Pareillement, ses acteurs ne s'épanchent jamais trop longtemps. Chacun est déjà presque défini par sa tenue, par son allure. Si on ajoute que tous sont convaincus de ce qu'ils sont sur scène, la metteuse en scène n'a jamais besoin d'aller vers l'emphase et rendre tragique les choses.
En Zoé, Alice Le Strat se donne à fond et l'on peut qualifier sa prestation d'exceptionnelle sans qu'elle ait eu besoin de se noyer dans l'hystérie.

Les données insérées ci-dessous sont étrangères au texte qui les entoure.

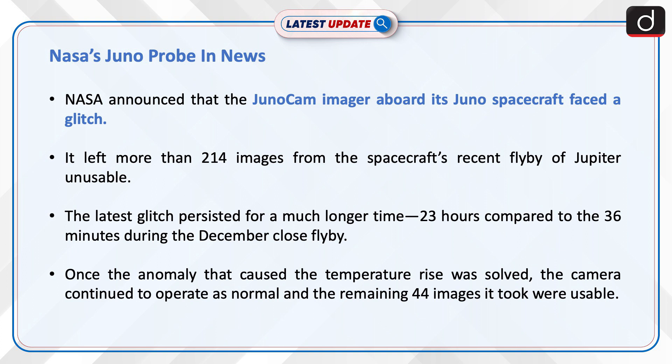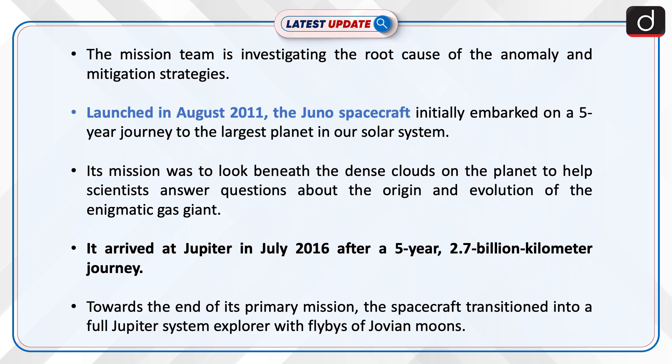The latest glitch persisted for a much longer time — 23 hours — compared to the 36 minutes during the December close flyby. Once the anomaly that caused the temperature rise was solved, the camera continued to operate as normal, and the remaining 44 images it took were usable.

Pareillement, Mathieu Desfemmes, dans le rôle du père, est plus truculent que dément et sa femme (Anne Cressent), jamais dans le pathos, tient la barque de cette famille toujours au bord d'un gouffre Quant à Victor (Jean-Baptiste Verquin), le copain-ami-amoureux de Zoé, il assure à merveille le rôle de pièce rapportée qui donne sa stabilité au quatuor.
On se laisse guider sans arrière-pensées dans cette histoire qui n'est finalement qu'un prétexte à un divertissement mêlant émotion et sourire. Julie Timmerman surprend son public avec une vie de famille qui contient sans doute beaucoup de la sienne et où chacun pourra aussi retrouver quelque chose de la sienne.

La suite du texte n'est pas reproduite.